Ia pun memaparkan, ketika Presiden Susilo Bambang Yudhoyono (SBY) masih menjabat sebagai presiden, konflik antar jajaran kabinet juga pernah terjadi. Ketika itu, menurut Johan, ada dua menteri yang sempat bertikai keras hingga nyaris terjadi baku hantam sebelum dimulainya rapat kabinet di Istana Negara.

Kejadian ketika itu, lanjutnya, berhasil dilerai oleh salah satu menteri koordinator yang membawahi dua pejabat menteri yang bertikai itu. "Sesama menteri sering terjadi perbedaan pendapat, bahkan sampai kontak fisik, saya menyaksikan dengan mata kepala sendiri ketika itu," paparnya.

Kendati demikian, ia menegaskan, konflik tersebut hanya diketahui oleh kalangan internal kabinet dan Istana Negara.

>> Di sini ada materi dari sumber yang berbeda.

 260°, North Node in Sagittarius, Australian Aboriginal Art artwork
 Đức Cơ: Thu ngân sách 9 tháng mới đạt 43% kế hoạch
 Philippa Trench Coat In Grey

Dan konflik kedua pembantu Presiden itu tidak pernah diungkapkan kepada publik melalui media massa. "Konflik karena beda pendapat itu wajar sebenarnya, tapi dulu berbeda dengan sekarang, konflik tidak terbuka dan tidak sampai ke publik," ujarnya.

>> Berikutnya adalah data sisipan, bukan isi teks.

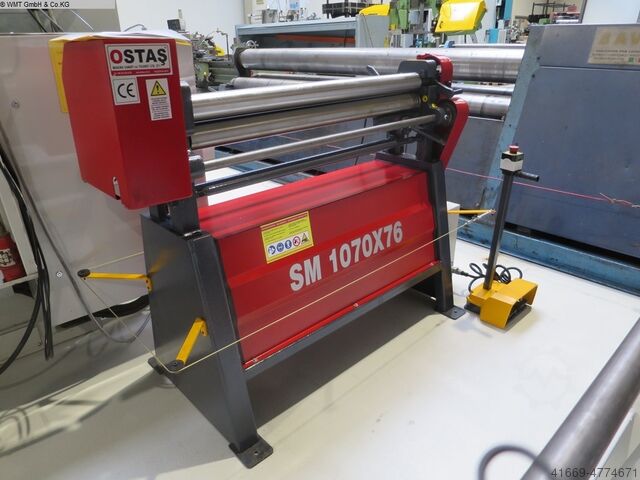 Blechbiegemaschine - 3 Walzen OSTAS SM 1070 x 76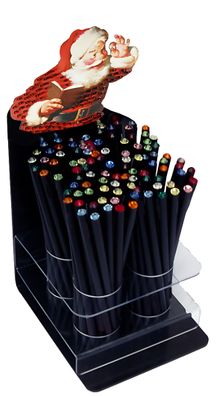 Bleistifte schwarz neutral mit Swarovski-Kristallen 100er sortiert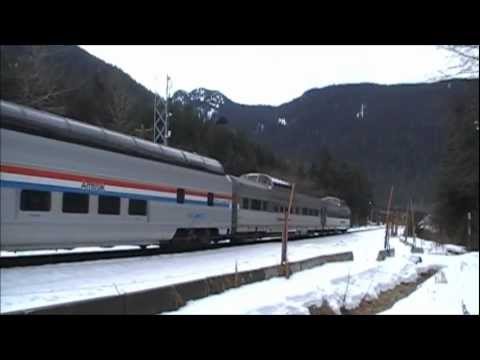 Amtrak Snow Train 2011 @ Cascade Tunnel, West Portal - 12.17.11.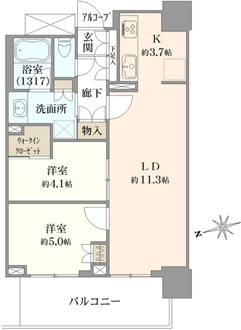 プラウドタワー堺東の間取図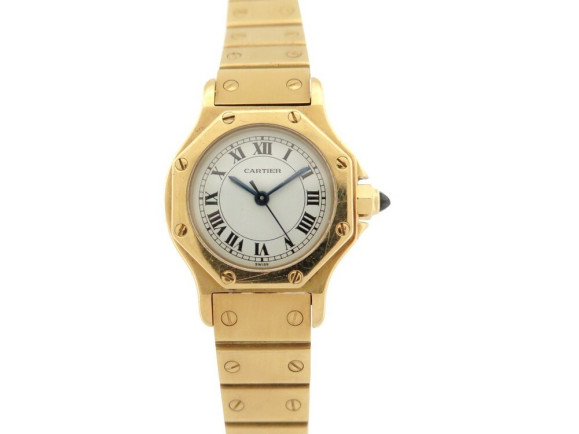 montre cartier santos octogonale automatique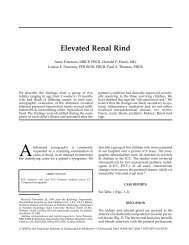 Elevated Renal Rind - Journal of Ultrasound in Medicine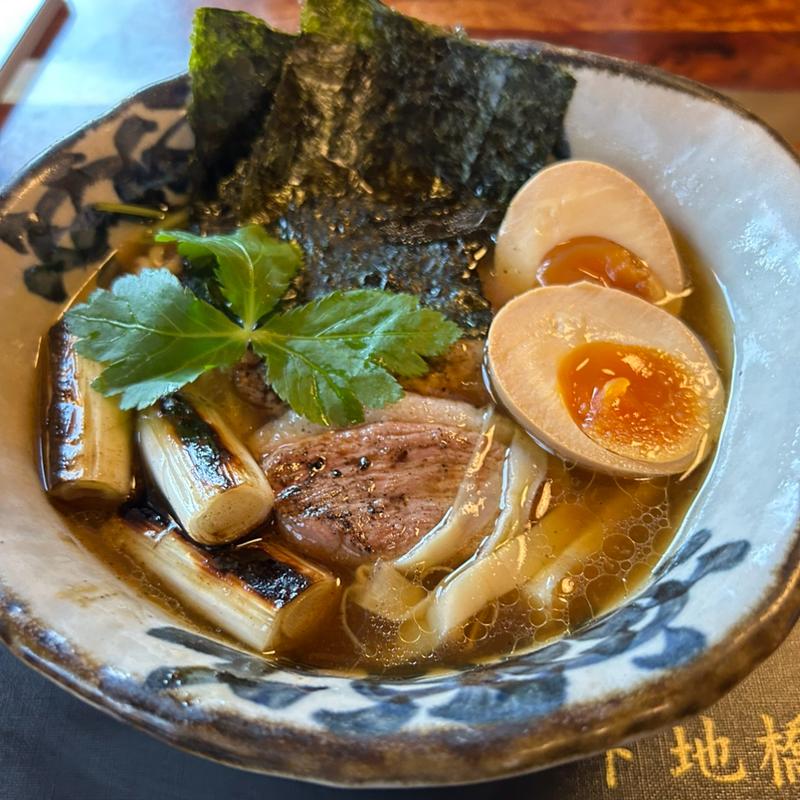 鴨醤油とりそば(とりそば下地橋)の写真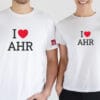 Shirt unisex I love Ahr - weiss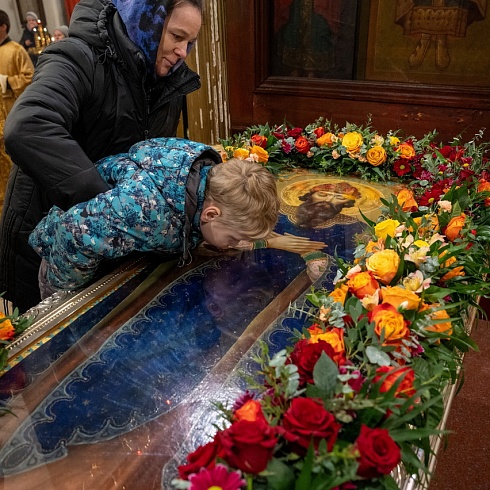 В престольный праздник, день памяти благоверного князя Всеволода-Гавриила, митрополит Арсений совершил торжественные богослужения в Свято-Троицком кафедральном соборе г. Пскова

Tapi sayangnya Johan enggan mengungkap identitas kedua menteri yang sempat bertikai itu. Ia hanya berharap, Presiden Joko Widodo selaku Chief of Executive dapat menertibkan kegaduhan politik yang ditimbulkan oleh internal jajarannya yang dinilai memalukan serta menjatuhkan wibawa pemerintahan itu.

"Menteri itu bukan pejabat tinggi biasa loh. Dia bosnya dirjen, ekstra pejabat tinggi. Bayangkan jika ada menteri kelakuannya kaya orang di pinggir jalan, ini sangat memalukan,"ucapnya mengkritik keras para menteri yang kerap bertikai.

PERAN PRESIDEN - menanggapi gaduhnya kabinet kerja Pemerintahan Jokowi-JK ini, Dekan Fakultas Ilmu Sosial Politik UGM Erwan Agus Purwanto menyatakan, Presiden Jokowi harus memainkan perannya sebagai seorang pemimpin tertinggi di negara ini. Ia menilai, Jokowi harus mampu bertindak cepat guna menghentikan polemik berkepanjangan diinternal kabinetnya.

Karena, polemik kegaduhan di internal kabinetnya itu bukan hanya akan membawa preseden buruk dimata masyarakat indonesia, melainkan juga di mata internasional. "Presiden adalah orang yang paling punya otoritas, karena Presiden adalah pemimpin yang membawahi para menteri," kata Erwan Agus Purwanto menjelaskan.

Selain itu, ia juga mengkritik sejumlah menteri yang kerap kali bertikai di ranah publik lantaran memiliki perbedaan pandangan dalam menjalankan kerja-kerjanya. Mengingat pejabat menteri merupakan pembantu presiden yang memiliki landasan atau acuan dalam menjalankan kerja-kerjanya sesuai dengan fungsinya masing-masing.

"Jadi ada yang disebut fatsun, kepantasan. Menteri tidak setuju boleh saja, tapi bagaimana disampaikan dengan cara yang pantas. Tidak setuju juga harus disampaikan dengan cara yang elegan," katanya.

Kendati demikian, lanjutnya, Jokowi sebagai seorang manajer dalam sebuah negara harus dapat memastikan agar seluruh jajaran pembantunya menjalankan kinerja yang sesuai dengan tugas dan fungsinya masing-masing.

"Saya kira ini saatnya presiden menunjukan leadershipnya dengan membuat action agar situasi lebih kondusif. Harus ada ultimatum, kalau nggak ikut aturan main, berarti menteri tersebut tidak ikut dalam kesatuan kabinet. Saya kira ketegasan presiden seperti itu menunjukan bahwa dia on control," tutupnya.